BAB I
PENDAHULUAN
- Latar Belakang
Lima tahun sudah usia Undang-Undang peradilan agama. Lima tahun
pula sudah peradilan agama sebagai
peradilan yang duduk sama rendah, berdiri sama tinggi, setara dengan peradilan
Negara lainnya, berada ditengah-tengah peradilan lain di Negara kita. Selama
lima tahun itu berbagai upaya sudah dilakukan untuk memperkokoh kedudukan
peradilan yang mengadili perkara khusus umat Islam itu. untuk memantapkan
kedudukan dan peranannya sebagai salah satu pelaksana kekuasaan kehakiman di
Indonesia pada usianya yang kelima ini, tidak ada salahnya kalau kita menatap
ke depan melihat kemungkinan pengembangan hukum materialnya.
Pengembangan hukum material peradilan agama pada tahun-tahun yang
akan datang harus dilakukan dalam rangka pembangunan hukum nasional dan dalam
bingkai garis-garis besar haluan Negara bertitik tolak dari kebijaksanaan
pembangunan materi hukum dalam TAPMPR No II/MPR/1993 tanggal 9 Maret 1993.

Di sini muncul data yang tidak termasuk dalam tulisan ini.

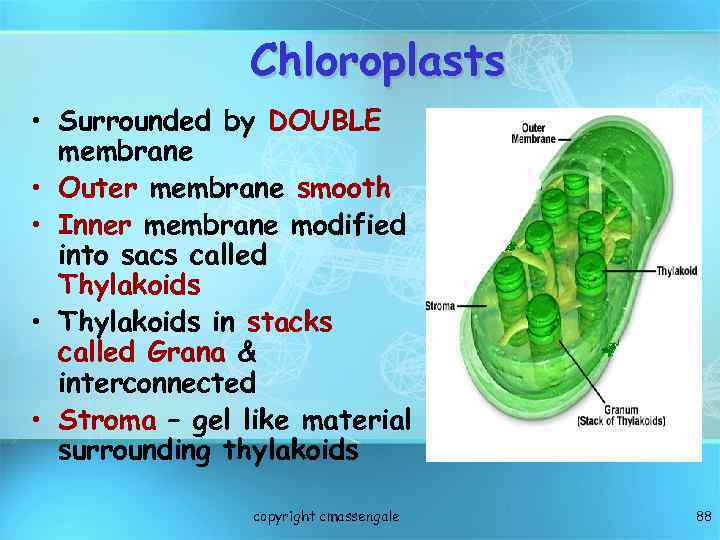 Chloroplasts • Surrounded by DOUBLE membrane • Outer membrane smooth • Inner membrane modified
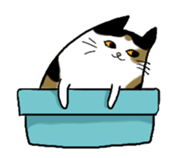 Meow Box sticker #3130087
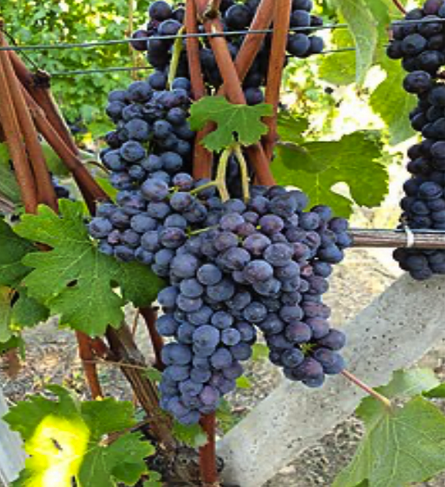 Barolo winery Piemonte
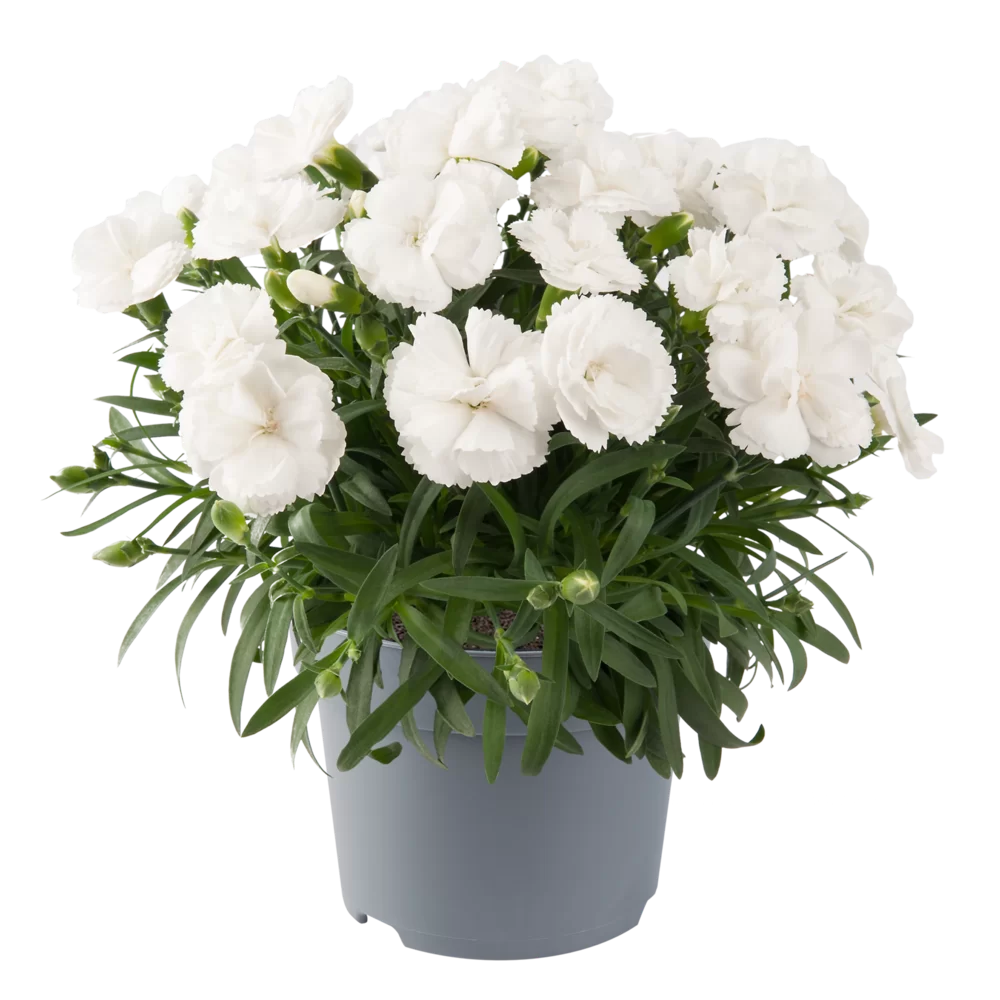 Dianthus caryophyllus Code® White Winter
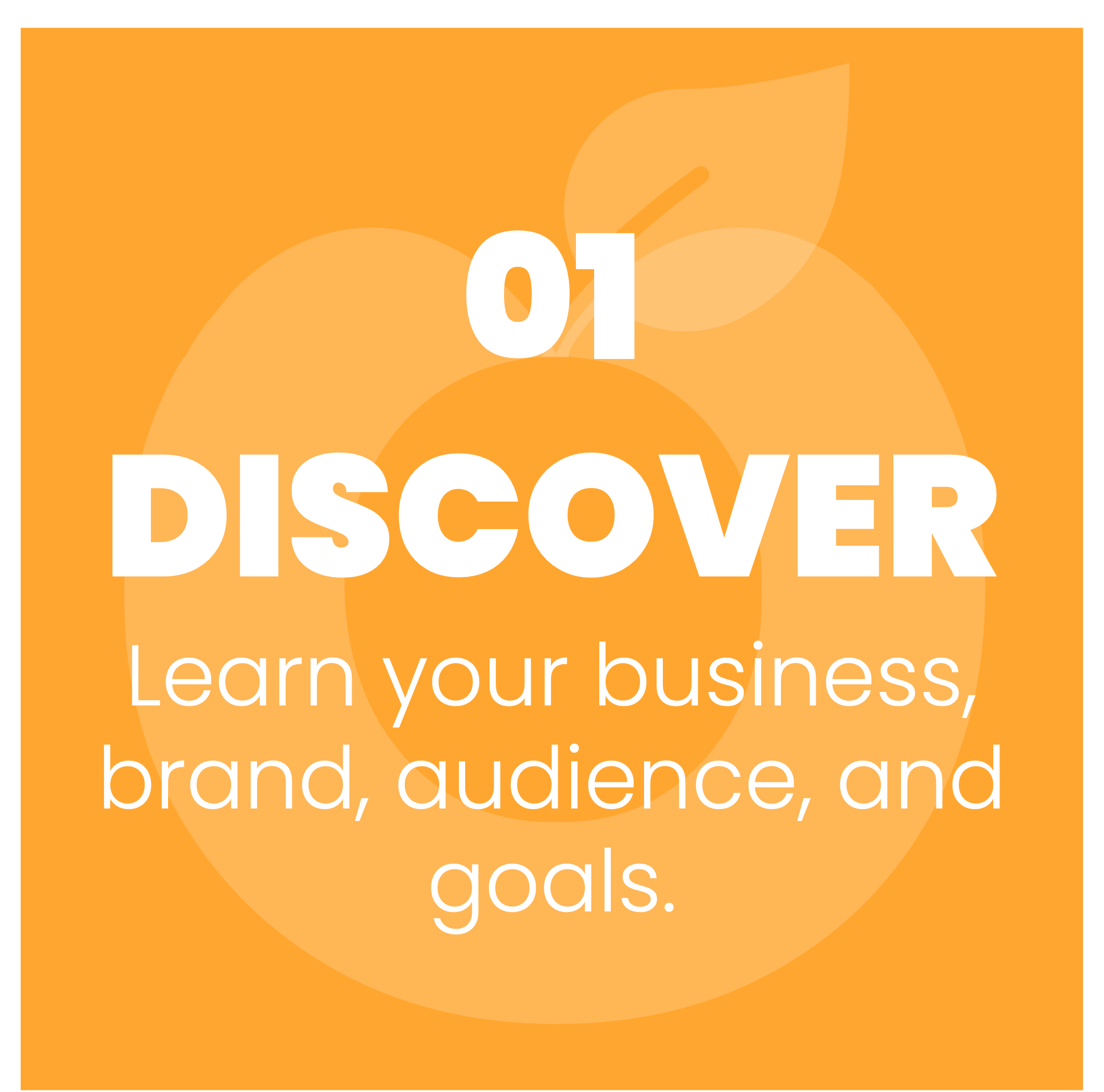 Learn your business, brand, audience, and goals.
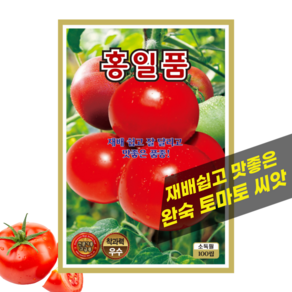 토마토 씨앗 완숙 찰토마토 씨 종자, 1개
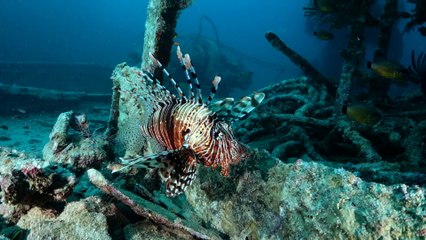 Best of Wrecks Red Sea, Egypt - Blue O Two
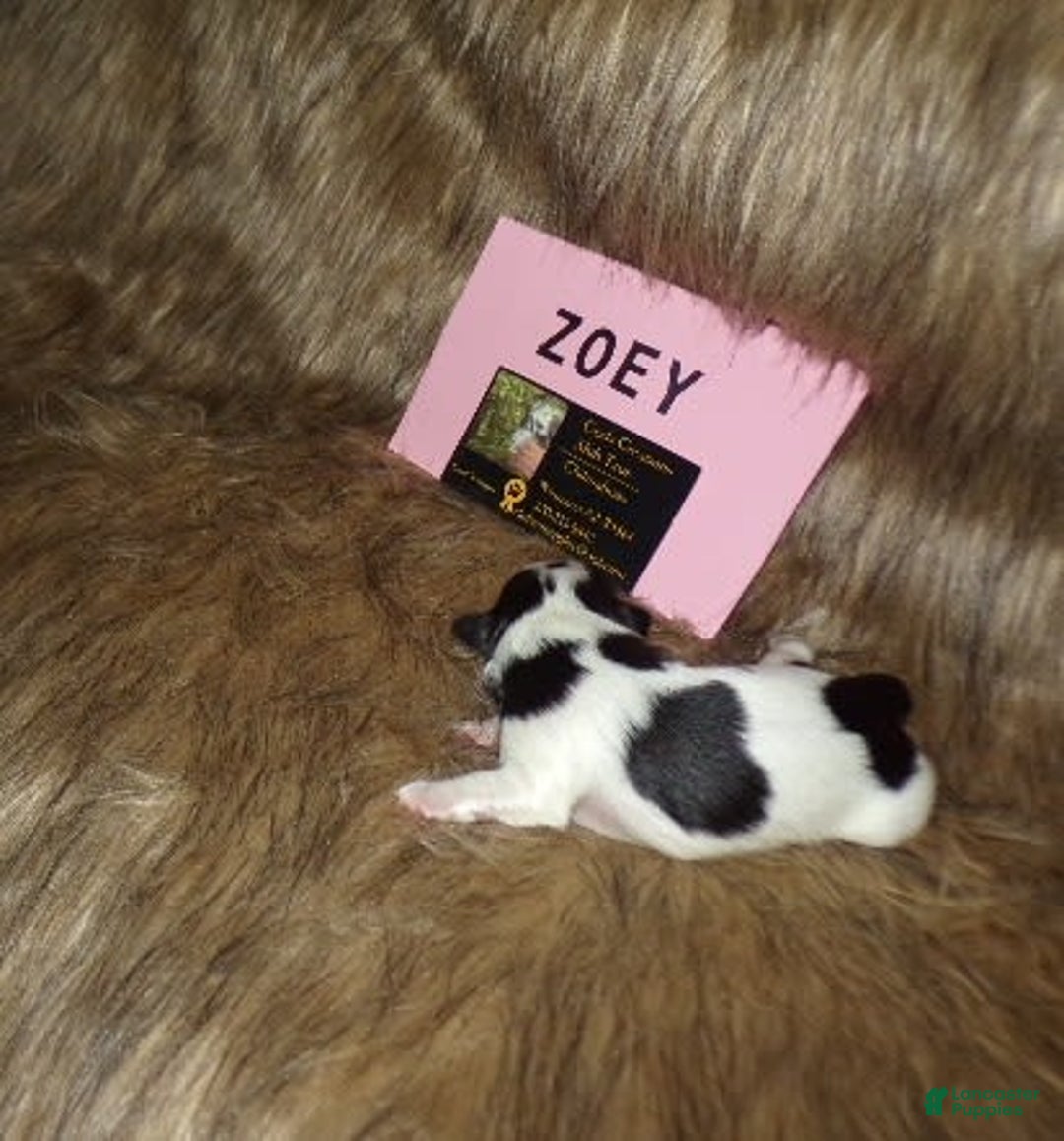 Shih Tzu dogs for sale: Zoey - Image 4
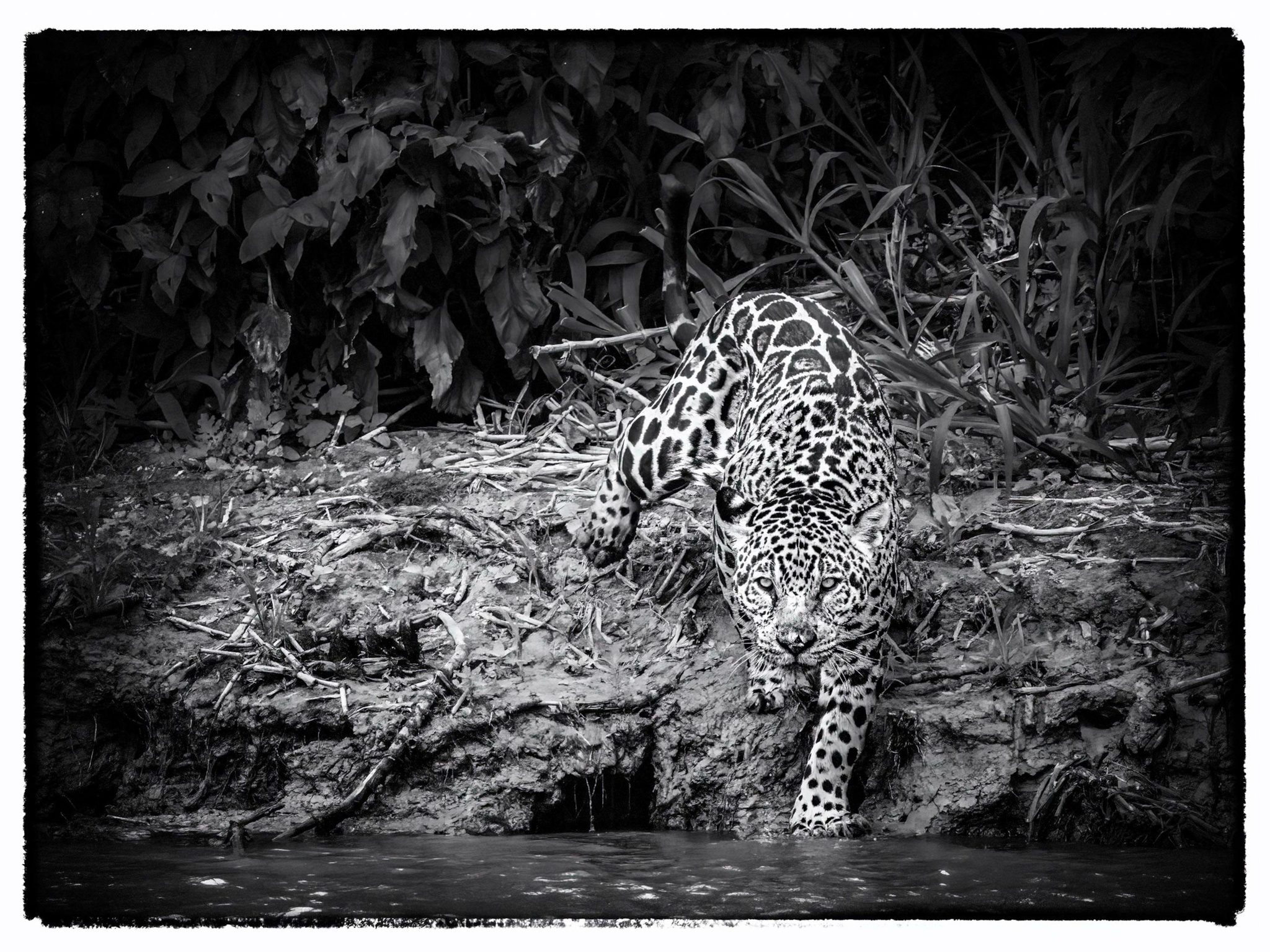 Wildlife photograph by Sandra Belitza-Vazquez, finalist in the Shoot The Frame Wildlife photography award, August 2022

Sebabnya adalah karena peradilan agama seperti disebutkan di atas adalah salah
satu pelaksana kekuasaan kehakiman dalam Negara Republik Indonesia dan karena
itu pula pengembangan hukum materialnya sekiranya dilakukan dalam bingkai dan
mengacu pada kerangka acuan tersebut di atas.
Dari paparan latar belakang di atas penulis tertarik untuk menggali
lebih dalam lagi tentang pengembangan hukum material di Peradilan Agama ini
dalam bab selanjutnya.
- Rumusan Masalah
1.
Apa
pengertian hukum material?
2.
Bagaimana
asas dan sasaran hukum material?
3.
Bagaimana
pengembangan hukum material di Peradilan Agama?
- Tujuan Penulisan
- Untuk mengetahui apa pengertian hukum material.
- Untuk mengetahui bagaimana asas dan sasaran hukum material.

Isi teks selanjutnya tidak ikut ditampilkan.